_What to work on_
Could you retype only the lines from the one containing "Beispielbild fr The" through the final line of the entries, both included, skipping any images?

Start of Block

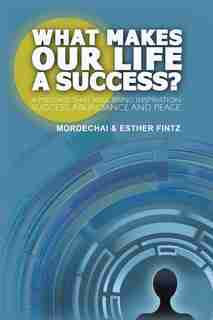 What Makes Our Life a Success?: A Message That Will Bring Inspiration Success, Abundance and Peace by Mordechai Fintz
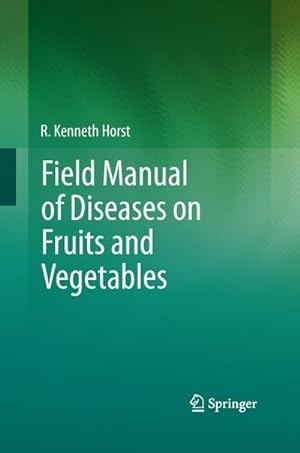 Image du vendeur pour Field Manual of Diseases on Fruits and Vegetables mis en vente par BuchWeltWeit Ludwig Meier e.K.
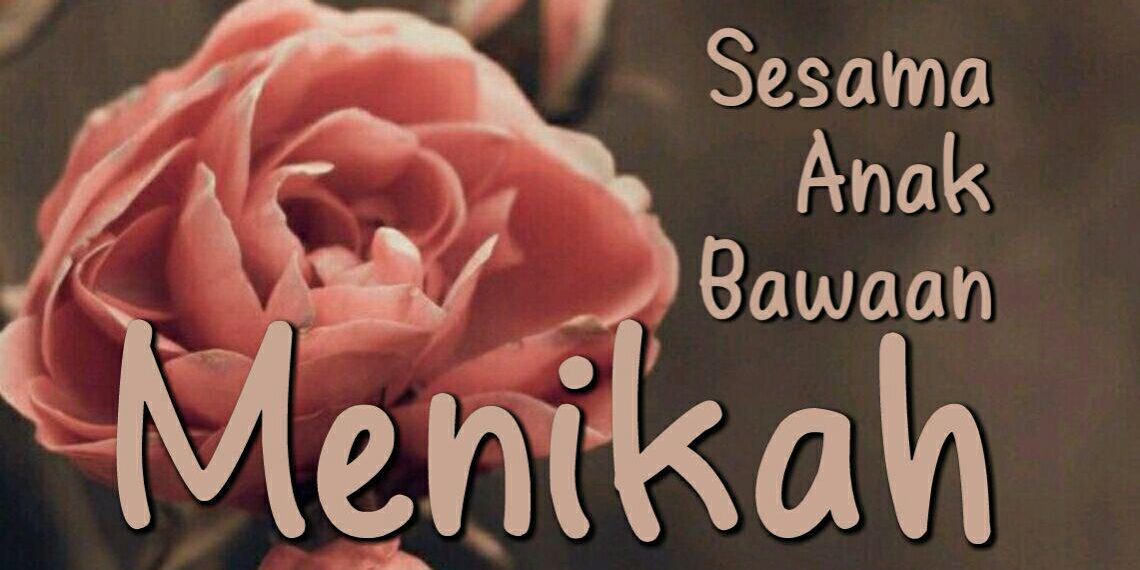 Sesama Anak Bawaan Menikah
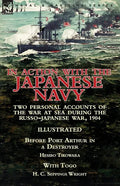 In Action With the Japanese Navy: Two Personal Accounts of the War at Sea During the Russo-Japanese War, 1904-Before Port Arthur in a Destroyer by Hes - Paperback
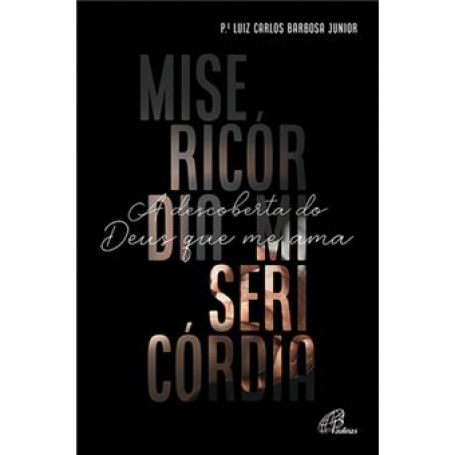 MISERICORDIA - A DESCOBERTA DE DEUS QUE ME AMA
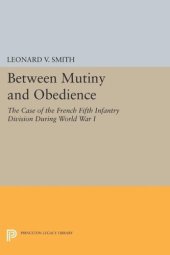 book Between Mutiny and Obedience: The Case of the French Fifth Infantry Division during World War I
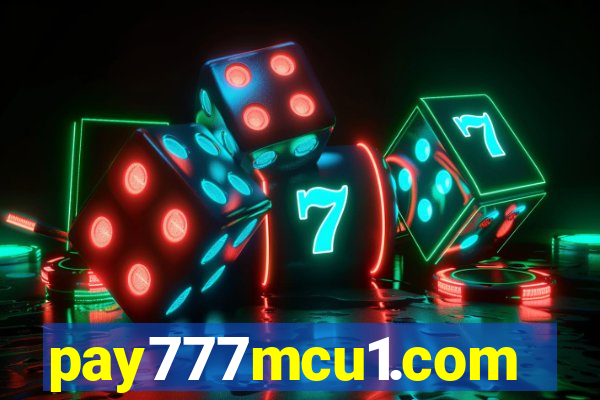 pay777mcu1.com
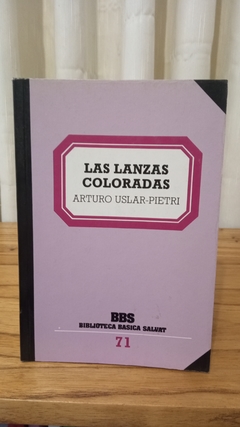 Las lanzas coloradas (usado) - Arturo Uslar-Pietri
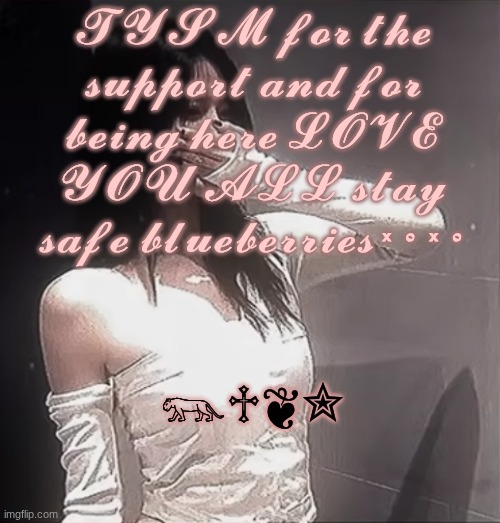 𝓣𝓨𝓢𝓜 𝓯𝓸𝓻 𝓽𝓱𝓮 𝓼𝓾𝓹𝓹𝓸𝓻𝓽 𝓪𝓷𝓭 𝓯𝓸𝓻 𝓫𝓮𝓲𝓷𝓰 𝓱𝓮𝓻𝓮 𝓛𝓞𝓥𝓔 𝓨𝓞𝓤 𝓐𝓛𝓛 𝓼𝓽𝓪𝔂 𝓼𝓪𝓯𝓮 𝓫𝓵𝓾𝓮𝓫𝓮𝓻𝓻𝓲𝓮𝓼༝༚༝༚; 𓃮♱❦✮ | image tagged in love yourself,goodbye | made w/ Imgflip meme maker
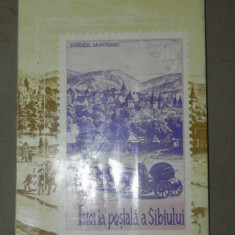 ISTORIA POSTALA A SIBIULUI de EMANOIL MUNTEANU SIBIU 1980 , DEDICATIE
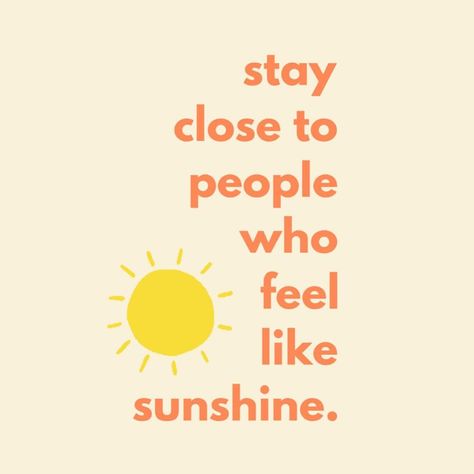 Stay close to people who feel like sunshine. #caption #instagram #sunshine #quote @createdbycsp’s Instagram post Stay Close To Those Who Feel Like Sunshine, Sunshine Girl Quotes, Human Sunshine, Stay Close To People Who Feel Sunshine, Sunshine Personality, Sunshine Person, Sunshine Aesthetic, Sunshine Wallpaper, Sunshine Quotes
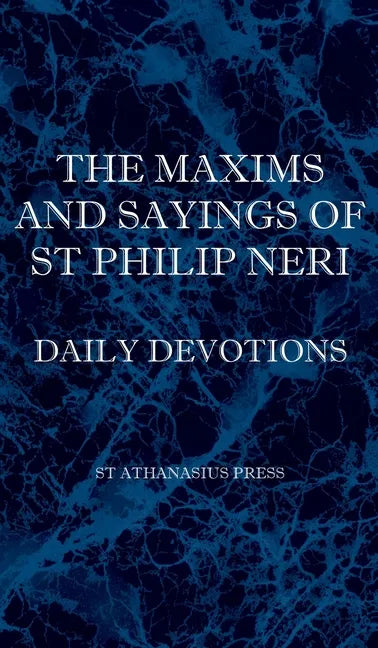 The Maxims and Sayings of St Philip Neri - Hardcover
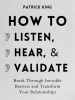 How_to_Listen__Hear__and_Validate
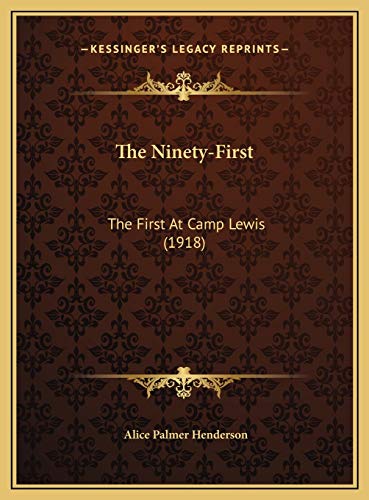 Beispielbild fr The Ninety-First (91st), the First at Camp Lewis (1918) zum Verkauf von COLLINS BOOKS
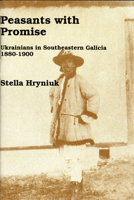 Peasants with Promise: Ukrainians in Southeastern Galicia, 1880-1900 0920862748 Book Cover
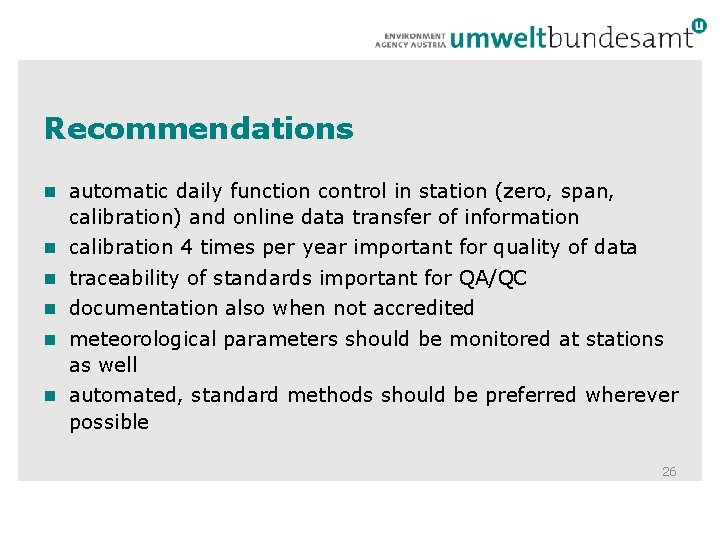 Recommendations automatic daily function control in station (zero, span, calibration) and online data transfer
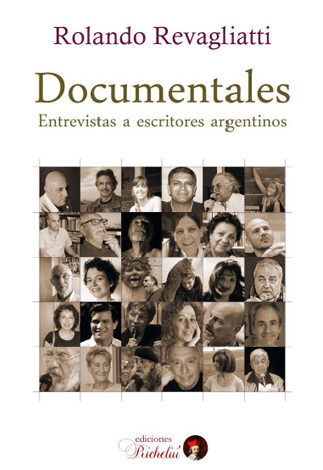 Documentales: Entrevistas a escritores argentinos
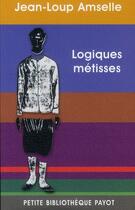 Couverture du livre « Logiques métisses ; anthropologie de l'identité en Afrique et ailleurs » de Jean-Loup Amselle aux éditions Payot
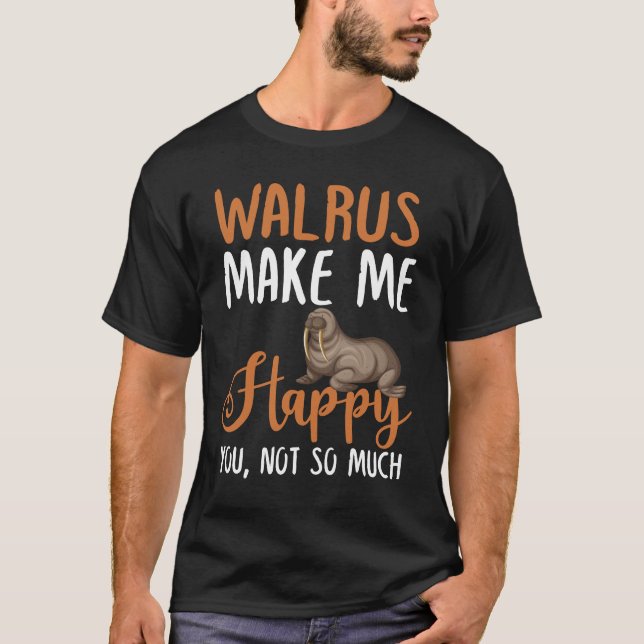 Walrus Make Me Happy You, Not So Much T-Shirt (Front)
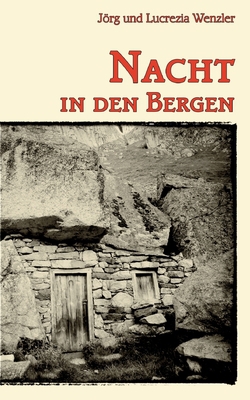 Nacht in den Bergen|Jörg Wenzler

End of Block

_Response below_
 Beispielbild fr The Ninety-First (91st), the First at Camp Lewis (1918) zum Verkauf von COLLINS BOOKS
 Peasants with Promise: Ukrainians in Southeastern Galicia, 1880-1900 0920862748 Book Cover
 Recommendations automatic daily function control in station (zero, span, calibration) and online data transfer
 Documentales: Entrevistas a escritores argentinos
 Couverture du livre « Logiques métisses ; anthropologie de l'identité en Afrique et ailleurs » de Jean-Loup Amselle aux éditions Payot
 Walrus Make Me Happy You, Not So Much T-Shirt (Front)
 Nacht in den Bergen|Jörg Wenzler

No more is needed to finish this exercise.